Новый учитель был уже стар, звался синьор Шало́, а в школу по утрам приезжал из столицы на автобусе. Он много лет преподавал в Риме, на «большой земле», а теперь, ближе к пенсии, вернулся сюда, на Сицилию. Рассказывал, будто обедал ни больше ни меньше как с самим министром просвещения, а поскольку напоминал он об этом по крайней мере раз в день, мы прозвали его «синьор Минестроне [4] ».

Грамматике, как синьорина Розария, Минестроне учить нас даже не пытался. В первый же день он достал из потёртого кожаного портфеля тоненькую книжку с серыми, без картинок страницами:

— Пишите, девочки, — и принялся диктовать детский стишок «Прощальные слова белого халатика». Этот стишок, написанный каким-то его другом, так понравился Минестроне, что он решил задать выучить его наизусть к ежегодному экзамену.

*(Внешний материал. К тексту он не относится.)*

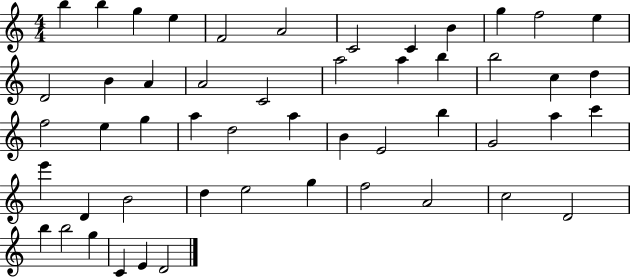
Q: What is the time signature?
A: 4/4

Любовь моя, печальный день сегодня,

ведь ты уходишь от меня!

Должно быть, ты не чувствуешь, как больно

страдающему сердцу моему

остаться одному.

Согнувшись над партами, мы записывали в тетради строчку за строчкой. Стишок был сочинён от лица белого халатика: его печалило расставание с девочкой, которая должна была перейти в среднюю школу и сменить его на другой халатик, чёрный. И вот перед разлукой он решил дать хозяйке несколько советов:

Боюсь я, детка, для тебя

пришла опасная пора!

Советы халатиков мне не по душе: напоминают сказки про говорящих животных. Минестроне откашлялся и продолжил диктовать, периодически переводя взгляд с одной ученицы на другую, словно надеясь вовремя предупредить о нависшей над всеми нами опасности.

Стань добродетели сосудом;

не будь предметом пересудов;

дурных компаний сторонись;

журналы, книги про влюблённость

сожги немедленно дотла:

кому, скажи, нужна учёность,

коль ты невинность не спасла?

— Синьор учитель, «учённость» с двумя «н»? — поинтересовалась с задней парты Розалина, пока мы с Лилианой возмущённо переглядывались через весь класс. — А «невинность»?

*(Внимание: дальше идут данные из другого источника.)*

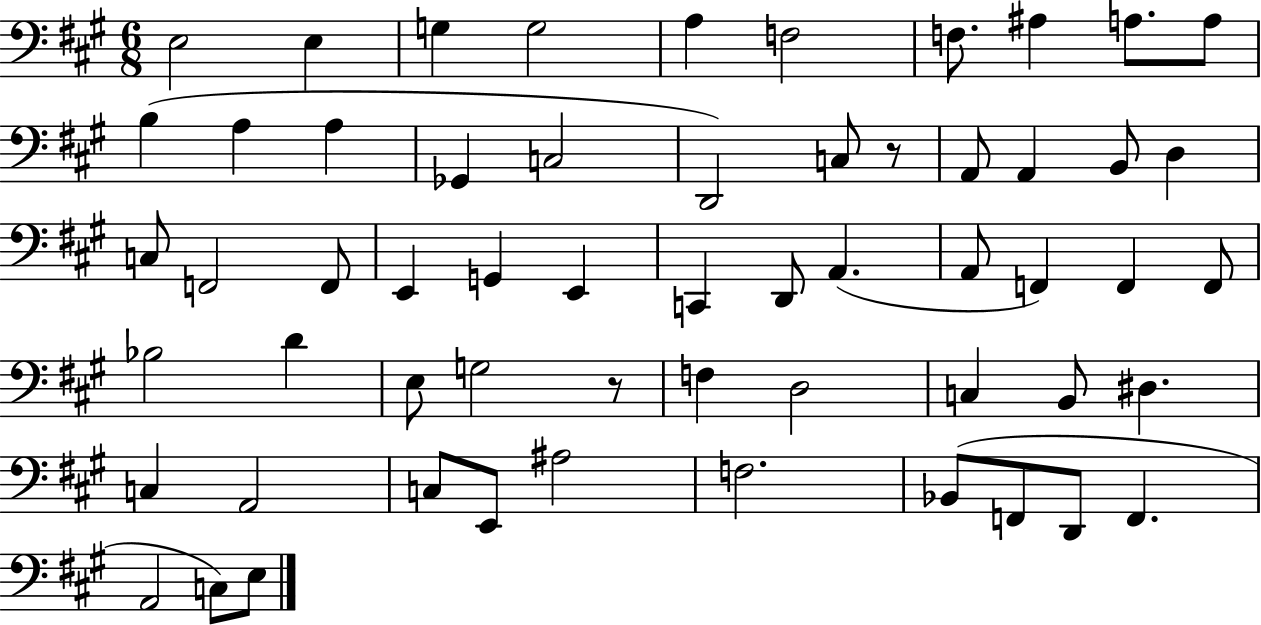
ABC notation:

X:1
T:Untitled
M:6/8
L:1/4
K:A
E,2 E, G, G,2 A, F,2 F,/2 ^A, A,/2 A,/2 B, A, A, _G,, C,2 D,,2 C,/2 z/2 A,,/2 A,, B,,/2 D, C,/2 F,,2 F,,/2 E,, G,, E,, C,, D,,/2 A,, A,,/2 F,, F,, F,,/2 _B,2 D E,/2 G,2 z/2 F, D,2 C, B,,/2 ^D, C, A,,2 C,/2 E,,/2 ^A,2 F,2 _B,,/2 F,,/2 D,,/2 F,, A,,2 C,/2 E,/2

— Не беспокойся, Розалина, потерять невинность из-за учёности тебе не грозит, — вырвалось у меня.

Одноклассницы дружно рассмеялись, а Минестроне бросил диктовать и направился к моей парте. Чтобы немного умаслить его, пока не поднялся скандал, я решила воспользоваться привычным трюком:

— Простите за неуместное острословие, синьор учитель.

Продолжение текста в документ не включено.